I think CI is failing with those nil pointer panics because of StatementInsightsStatistics.ContentionEvents.

This is the line in the generated code that panics:

func (m *StatementInsightsStatistics) MarshalToSizedBuffer(dAtA []byte) (int, error) {
        ...
        // Triggers a nil pointer dereference panic
	if len(m.ContentionEvents) > 0 {

Can we update the field in the proto to remove the (gogoproto.nullable = true) tag to fix?

cockroach/pkg/obsservice/obspb/obsservice.proto

Line 123 in 02b3a9a

repeated ContentionEvent contention_events = 33 [(gogoproto.nullable) = true];

(This assumes a check like len(m.ContentionEvents) > 0 would suffice)

pkg/sql/sqlstats/insights/store.go line 67 at r3 (raw file):

		}
		var fromPool *obspb.StatementInsightsStatistics
		defer pool.Put(fromPool)

nit: do we need to declare the var & defer the returning of the var to the pool outside of the below for loop?

I'm having a bit of trouble understanding how this defer pool.Put(fromPool) call plays together with the pool.Put(fromPool) call inside the loop, since it seems like the var fromPool is never used outside of the loop.

pkg/sql/sqlstats/insights/store.go line 86 at r3 (raw file):

	})

	for _, key := range keysToDelete {

Since we hold the lock as a writer (as opposed to RLock()), it seems like keysToDelete should encompass everything in the cache, no?

If so, would it be faster to just drop the entire cache and replace it with a new one, in the same way we originally created it when first initialized the lockingStore? e.g.:

        // Reset the cache with a fresh one.
	s.mu.insights = cache.NewUnorderedCache(cache.Config{
		Policy: cache.CacheFIFO,
		ShouldEvict: func(size int, key, value interface{}) bool {
			return int64(size) > ExecutionInsightsCapacity.Get(&st.SV)
		},
		OnEvicted: func(_, value interface{}) {
			releaseInsight(value.(*Insight))
		},
	})

Then, we no longer need to allocated/track keysToDelete (as an additional bonus).

pkg/sql/sqlstats/persistedsqlstats/flush.go line 109 at r3 (raw file):

	// Exporting Insights to Observability Service.
	exportInsights := insights.SQLInsightsStatsExportEnabled.Get(&s.SQLStats.GetClusterSettings().SV)

After learning more about the insights code, how would you feel about doing this exporting continuously, instead of at the SQL Stats flush interval?

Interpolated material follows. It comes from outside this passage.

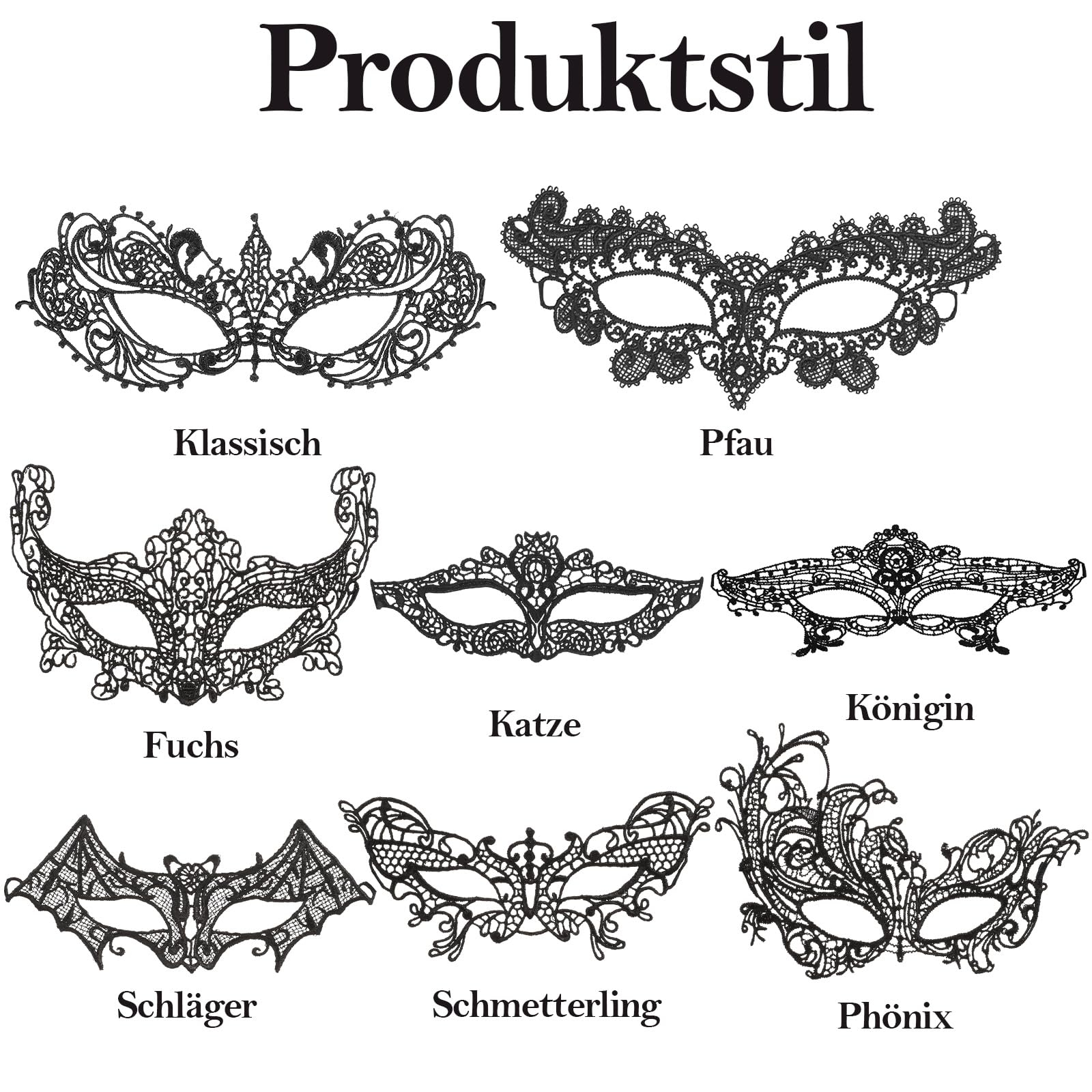 (8er Set) Venezianische Maske Fasnachts Halbmaske Kostüm Zubehör Motto Party Accessoire Halloween Foto Requisite mit Spitzenbordüre - Schwarz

For example, once the lockingRegistry observes a transaction, it pushes the insight to the lockingStore:

cockroach/pkg/sql/sqlstats/insights/registry.go

Line 177 in d09f5e3

r.sink.AddInsight(insight)

This appears to clear the lockingRegistry cache of all the statements with the same session ID associated with that txn, so it seems like the insight that it pushes to the lockingStore are "complete", is that right?

So could we just push the insight to the events exporter when we call (*lockingRegistry).AddInsight()?

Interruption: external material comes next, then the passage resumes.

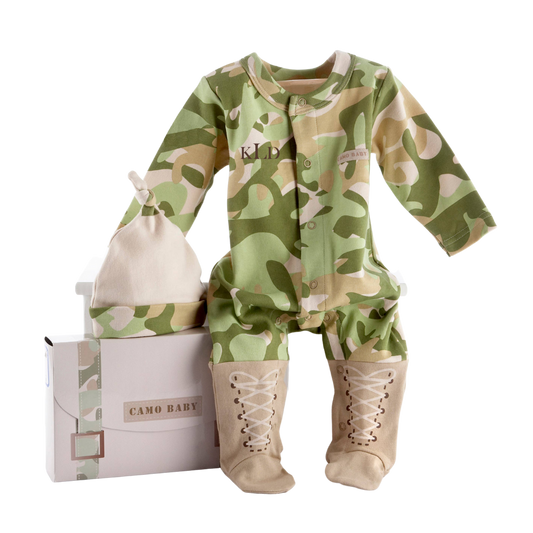 "Big Dreamzzz" Baby Camo Two-Piece Layette Set in "Backpack" - DJW Custom Baskets & Beyond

With statement stats we wanted to use the events exporter at the flush interval so that we could benefit from the pre-aggregation happening during those ~10 minutes, but since Insights don't aggregate in a similar way, is it preferable to just export continuously? LMK what you think!

maryliag

Reviewable status: complete! 0 of 0 LGTMs obtained (waiting on @abarganier and @xinhaoz)

pkg/sql/sqlstats/insights/registry.go line 278 at r3 (raw file):

Previously, abarganier (Alex Barganier) wrote…

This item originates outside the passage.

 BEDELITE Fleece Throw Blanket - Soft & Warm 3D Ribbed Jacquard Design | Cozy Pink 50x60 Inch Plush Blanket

I think CI is failing with those nil pointer panics because of StatementInsightsStatistics.ContentionEvents.

This is the line in the generated code that panics:
func (m *StatementInsightsStatistics) MarshalToSizedBuffer(dAtA []byte) (int, error) {
        ...
        // Triggers a nil pointer dereference panic
	if len(m.ContentionEvents) > 0 { 
Can we update the field in the proto to remove the (gogoproto.nullable = true) tag to fix?

cockroach/pkg/obsservice/obspb/obsservice.proto

Line 123 in 02b3a9a

repeated ContentionEvent contention_events = 33 [(gogoproto.nullable) = true];

(This assumes a check like len(m.ContentionEvents) > 0 would suffice)

Ah nice! Thanks for catching this

pkg/sql/sqlstats/insights/store.go line 67 at r3 (raw file):

Previously, abarganier (Alex Barganier) wrote…

nit: do we need to declare the var & defer the returning of the var to the pool outside of the below for loop?

I'm having a bit of trouble understanding how this defer pool.Put(fromPool) call plays together with the pool.Put(fromPool) call inside the loop, since it seems like the var fromPool is never used outside of the loop.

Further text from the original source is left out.